The wait is almost over for pork producers to emerge from a tunnel of losses and profits to return. That tunnel of darkness stretched from the spring of 2012 through the winter of 2013, with average estimated losses of $18/head, primarily due to high feed prices, according to Purdue University Extension economist Chris Hurt.

“Feed prices reached a summit in the third quarter of 2012 with the peak of the drought,” Hurt says. “Estimated total hog production costs shot up $10 per live hundredweight, reaching an estimated $72. Costs last fall and this winter dropped about $4 per hundredweight and are expected to moderate an additional $8 with normal 2013 crop production. By fall, that could put estimated costs of production around $60 per hundredweight,” he says.

The December Hogs and Pigs report from USDA provides evidence that 2013 pork supplies will not be down as much as the 2% that had been anticipated, Hurt says. Rather, pork supplies for the year may be closer to unchanged with a 1 to 2% reduction in the first half offset by a 1 to 2% increase in the second half of the year. The size of the breeding herd was unchanged as of Dec. 1, 2012, when the expectation was that the herd had been reduced by at least 1%. In addition, winter farrowing intentions are unchanged, compared to a 2% reported reduction in the previous inventory report. Market weights will also contribute to increasing pork supplies in the second half of the year. First-half weights are expected to be down about 1% as long as feed prices remain high. But those weights will begin to rise late in the summer, assuming feed prices drop with more normal crop production.

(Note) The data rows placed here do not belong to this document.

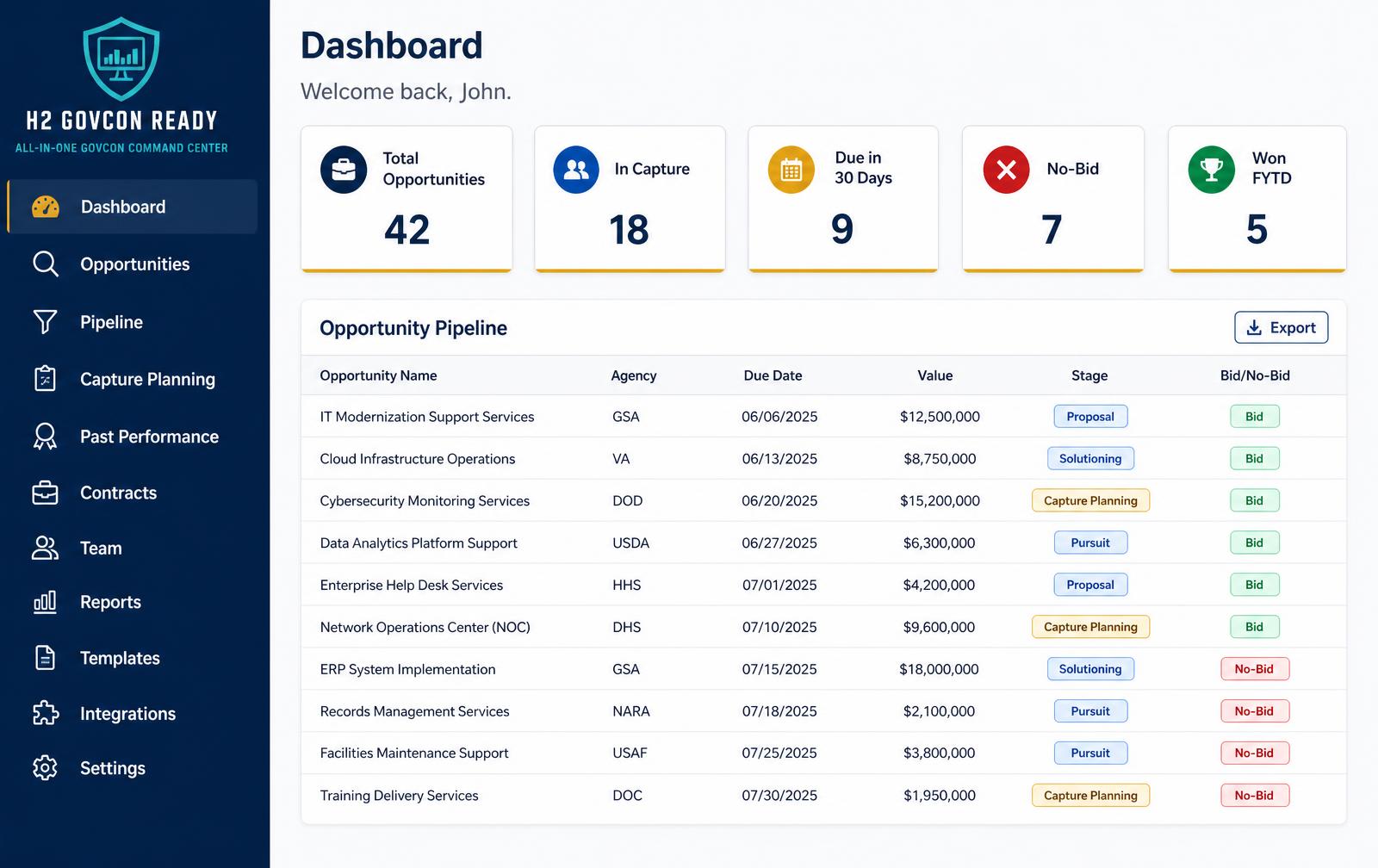 Pipeline & Dashboard screen in H2 GovCon Ready™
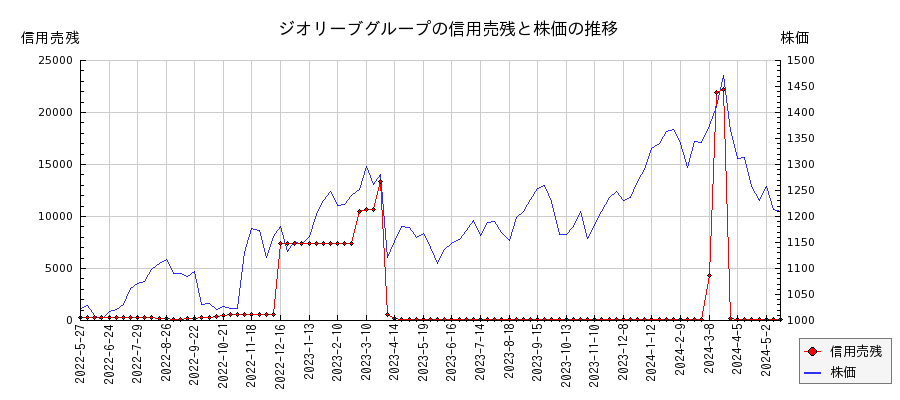 ジオリーブグループの信用売残と株価のチャート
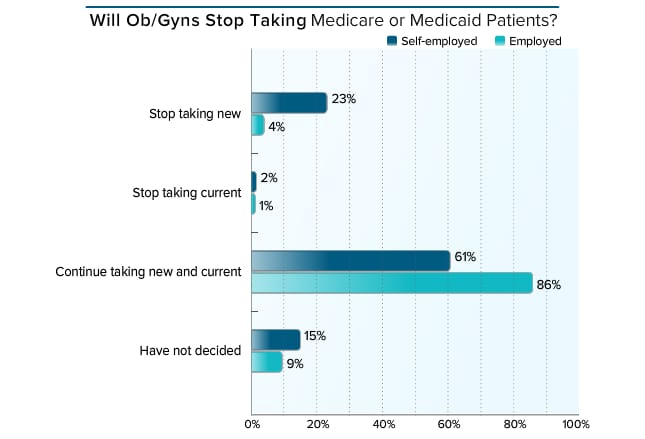 Medscape Ob Gyn Compensation Report 2016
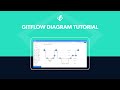 Gitflow Diagram Tutorial | Visualize Your Branching Strategy with a Gitflow Diagram - Gliffy Demo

“Hog prices are expected to be somewhat stronger in 2013 due to small beef supplies, continued strong pork exports and modestly improving consumer incomes,” Hurt says. “Live prices averaged about $62 in 2012 but are expected to rise to near $66 for 2013.   Prices are expected to average near $63 in the first quarter, $71 in the second quarter, and $69 in the third quarter. Fall 2013 and winter 2014 prices are expected to reflect higher pork production with prices averaging around $61.

“For the immediate future, losses will continue in the first quarter of 2013 and are expected to average about $15/ head,” Hurt continues. “The return to profitability is expected to come in late April or early May when the spring hog price rally is under way and as meal prices edge lower with the South American soybean harvest. Profits are projected at about $10/head for the second and third quarters before returning to breakeven in the fall of 2013 and winter of 2014. Breakeven means that producers cover all costs, including full labor costs and full depreciation on buildings and equipment,” Hurt says.

According to Hurt, with the return of a profitable pork production outlook, some producers will be discussing expansion plans. “Most realize that the level of feed prices are both the biggest threat to those anticipated profits and the greatest opportunity for extraordinary profitability over the next two years,” he says. “The threat is, of course, related to the continuation of the extreme drought in the western Corn Belt and the Great Plains states. Poor crops there in 2013 could send corn and soybean meal prices to new record highs. Such an outcome would likely extend losses for another year. Alternatively, normal world yields in 2013 will likely send feed prices lower than current new-crop futures are indicating. Such an event would multiply pork profitability,” he says.

Hurt says that the U.S. pork industry has suffered with high feed prices partially driven by three consecutive years of poor U.S. corn crops. “Eventually, better yields will likely result in lower and less volatile feed prices. Almost everyone in the animal production industries, including pork producers, hope 2013 is the year that scenario begins.”